Mid day with the oppressive heat and to pass away the time before our flight, we ducked into a curiously unique WAR REMNANTS MUSEUM at 28 Vo Van Tan in District 3. A walled yard with a series of buildings with war memorabilia on display.


FANNY'S ICE CREAM is a good place to cool down to and get my bearing after the encounter with that unique museum with their ingeniously presented sorbets and ice cream.


Last minute packing and we’re off to Tan Son Nhat International Airport. If you’re on an international flight,  proceed to Terminal 2 as Terminal 1 is for the use of Domestic flights. Duty Free shopping and dining places are quite limited.

June 12, 2011

DINING: Quan An Ngon, HCMC, Vietnam

Holidays seem to be the perfect excuse for excess. We’d save our money so we can afford to be buttered up and be deliciously sloshed overseas that when we come back, we’re almost always full of exotic cravings. There’s a shared unspoken belief where we consume a lot and feel half as guilty.

Lucky for our frail livers and cholesterol concerns, Vietnamese cuisine tips the scale on the healthier side. The Vietnamese are largely known and admired for their use of fresh ingredients with an abundance of fruits and vegetables and a whole universe of herbs. Most meats are only briefly cooked to retain their original color and grain. Fish sauce and soy sauce are used to season their dishes. As it is, every bite is a delightful mix and contrast of texture and a fusion of flavors.

Like any parts of Southeast Asia, you can get your fill of palate pleasers anywhere. There’s a wide range of places to eat at in the former city of Saigon and you can be spoiled for choice. From boiling pots of phos on the pavement, mobile food carts with roasts and banh mi, street side cafes to upscale restaurants - from local Vietnamese cuisine with French influence to international epicurean delights.


But Quan An Ngon hands down was a favorite; the food is undeniably good that we had to eat there twice. Housed in an old mansion located at 160 Pasteur Street in District 3, the menu offer an extensive range of international and traditional dishes on prices that won’t make quite a dent on the budget.

The 2 times we we’re there, the place is always full with a jolly mix of locals and foreign expats.

TIP: Try not to hit the lunch or dinner hour rush without a reservation, as you might not get seated right away.



Our distended bellies were satisfyingly stuffed some more with these.

Goi cuon or fried salad rolls with vermicelli noodles sprinkled with nuts

Pho bho or Vietnamese beef noodle soup.

Spicy grilled beef on skewers served with lime, pepper and sea salt on a bed of greens.

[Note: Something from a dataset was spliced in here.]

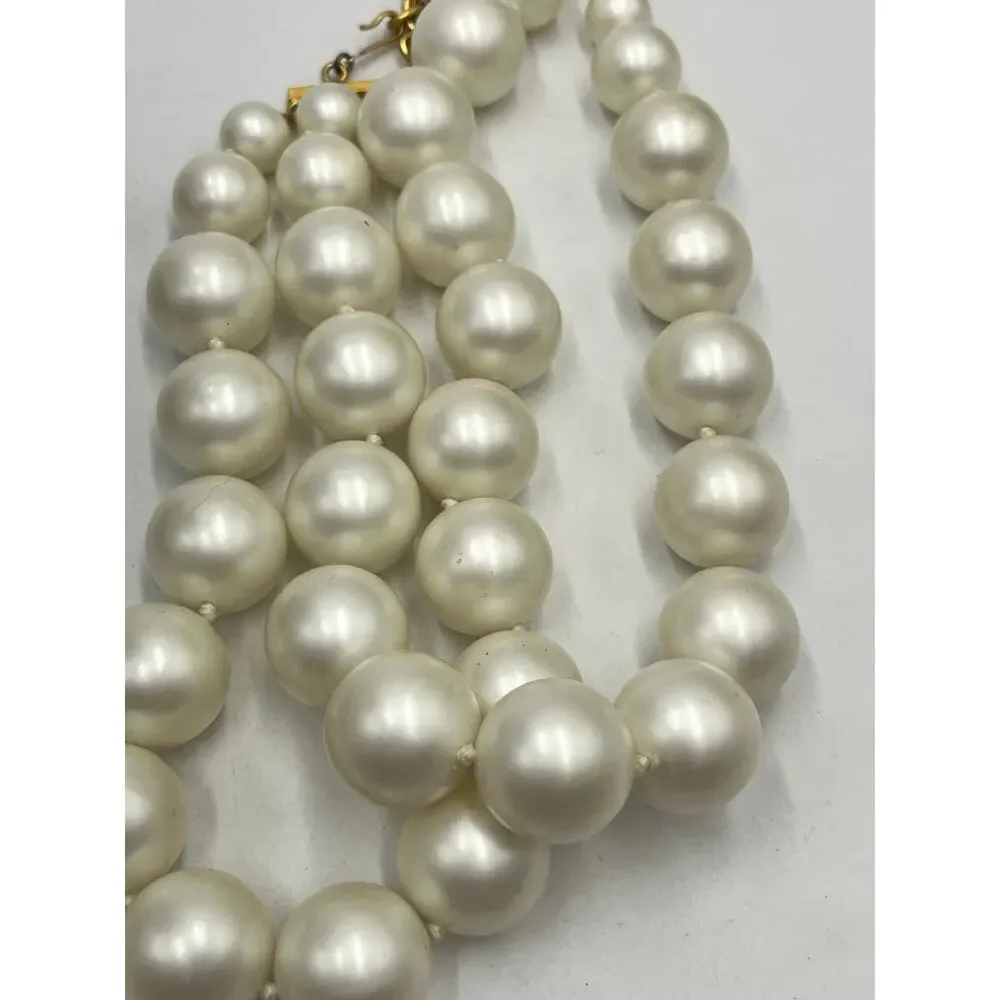 Vintage Large Double Strand Ivory Faux Acrylic Pearl Gold Tone Hook Necklace 20m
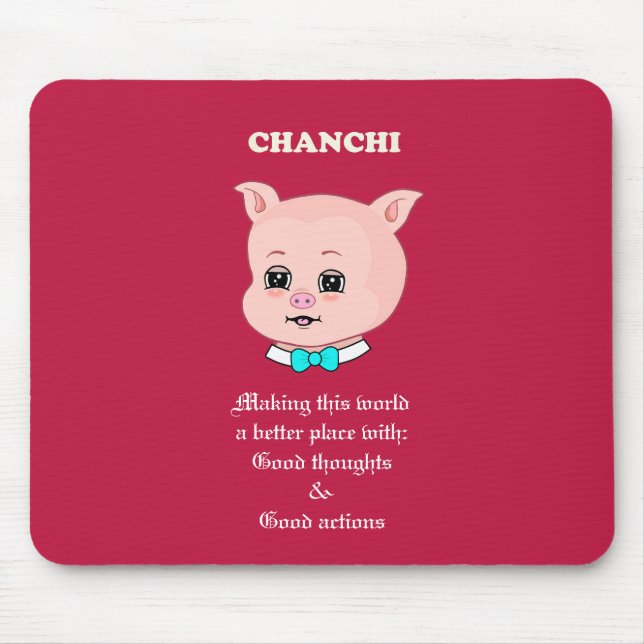 Cute Pig Cartoon on Burgundy Mouse Mat (Front)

Fried fat chicken wings in fish sauce with a side dish of pickled vegetables.

Tart and sweet prawns in herby tamarind sauce.

Rounded up with seafood fried rice

and washed down with heart stopping ca phe sa dua


Good eats and vacations are inextricably linked.

CUISINE: International and Traditional Vietnamese
PRICE RANGE:15000 VND - 30000VND
LOCATION: 160 Pasteur, 8th Ward, District 3


HOW TO GET THERE: the restaurant is located at 160 Pasteur, 8th Ward, District 3and can easily be reached by a cab.